=== INPUT DATA ===

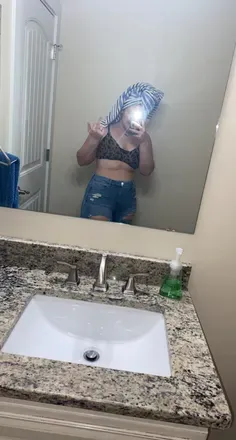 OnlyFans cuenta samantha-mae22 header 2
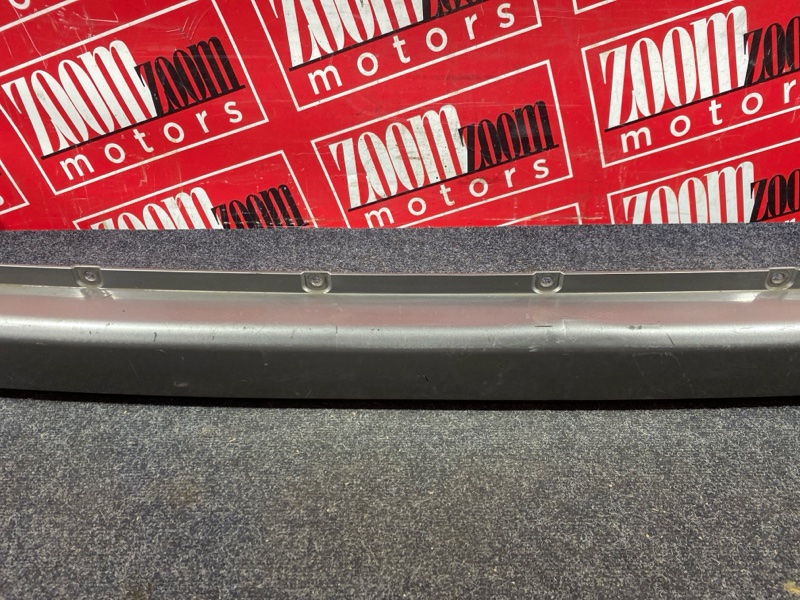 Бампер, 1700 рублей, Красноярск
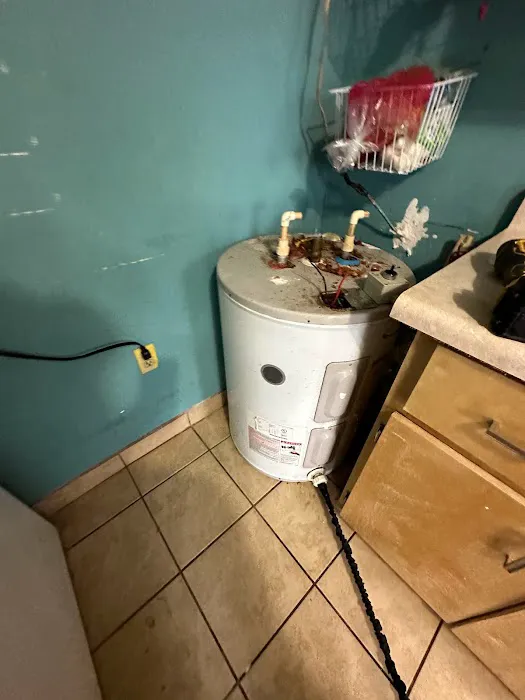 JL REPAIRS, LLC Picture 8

=== BRIEF ===
Set down every line above exactly, pictures excluded.

=== RESULT FOR THIS EXERCISE ===
 OnlyFans cuenta samantha-mae22 header 2
 Бампер, 1700 рублей, Красноярск
 JL REPAIRS, LLC Picture 8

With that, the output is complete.